CANS RT
Last Update: 2024/02/01 12:00
CANS RT is a reservoir testbed which emulates the environment of real reservoir operations. The purpose of this reservoir is to intercept the water source from the upstream watershed, regulate the discharge of the spillway while maintaining a stable water supply at the water intake, and keep the water level of the reservoir within the normal range.
The historical records of the a real hydraulic facility were utilized to achieve inflow volume that matches the real environment of a reservoir, and we also designed the gate adjustment rules based on the same hydraulic facility.
Due to equipment limitations, a combination of three physical spillways and twelve virtual spillways was adopted, and the discharge volume at the moment was estimated based on the opening degree and water level of each gate by looking up the table. In addition, the storage capacity and water level of the reservoir are also estimated by looking up the table.
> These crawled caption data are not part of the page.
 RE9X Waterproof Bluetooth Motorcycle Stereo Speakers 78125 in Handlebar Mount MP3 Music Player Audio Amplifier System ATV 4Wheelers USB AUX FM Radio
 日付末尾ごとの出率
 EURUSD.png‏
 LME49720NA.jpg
Finally, the storage difference of the reservoir will be estimated by all the aforementioned variables.
We are honored to collaborate with the Water Resources Agency of the Ministry of Economic Affairs in Taiwan, obtaining authentic equipment from real hydraulic facilities. As a result, this research has been able to elevate the mathematical simulation of reservoir operations to the level of hardware emulation, enhancing the reference value of the generated dataset for our experiments.
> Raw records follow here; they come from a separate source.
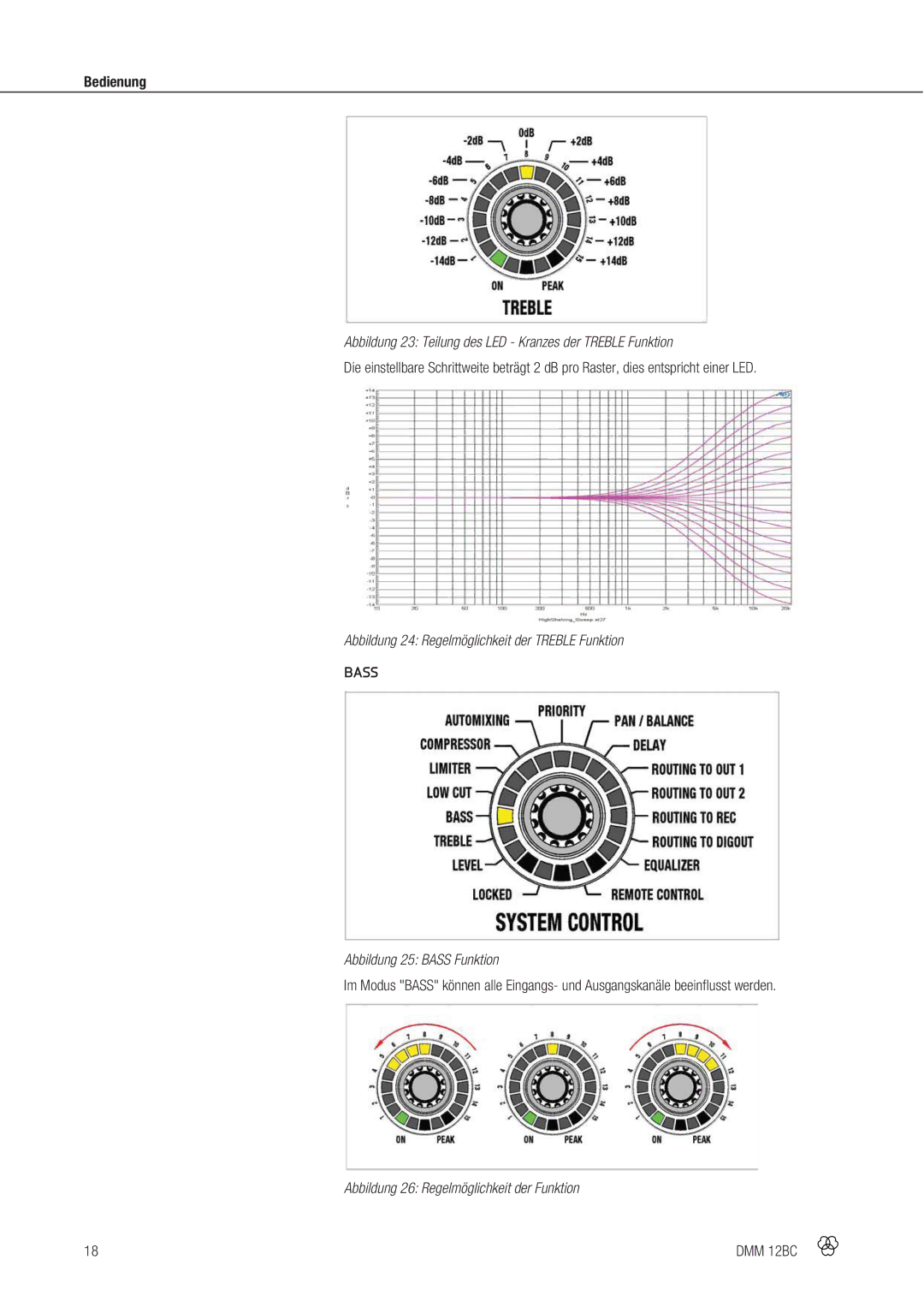 AKG Acoustics DMM 12BC manual Abbildung 23 Teilung des LED Kranzes der Treble Funktion, Abbildung 25 Bass Funktion 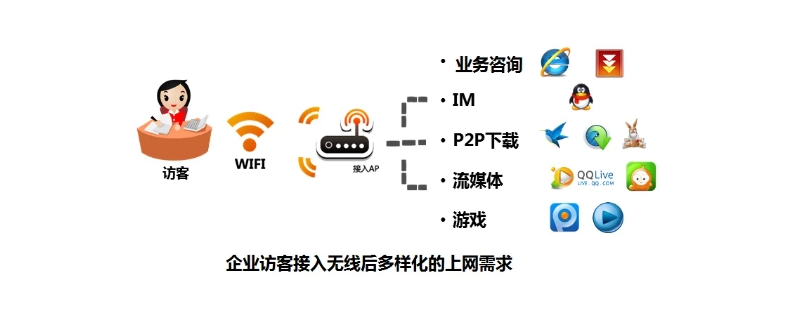 访客wifi是什么意思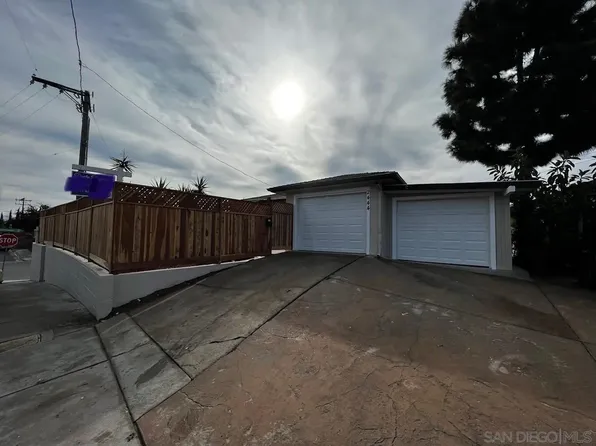 2444 Fairmount Ave, San Diego, CA 92105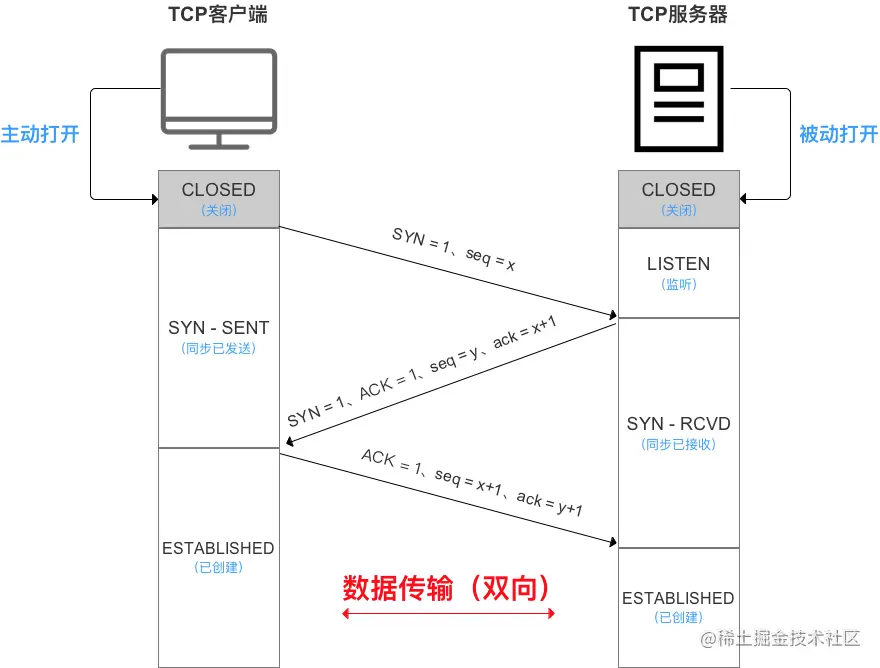 944365-895493e20637d2b0.png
The experimental results of this testbed will be organized into a comprehensive dataset, divided into multiple folders based on operational scenarios and seasonal inputs. For instance, in early 2024, four experiments were conducted, each corresponding to normal and non-normal operations during different seasons. Therefore, the dataset is categorized into eight folders, each containing monitoring records of the HMI and network traffic records (via Wireshark) of the gate control system. Additionally, a README file will be included to provide detailed descriptions of the physical significance of each attribute in the dataset, along with comprehensive explanations of the reservoir's operational states.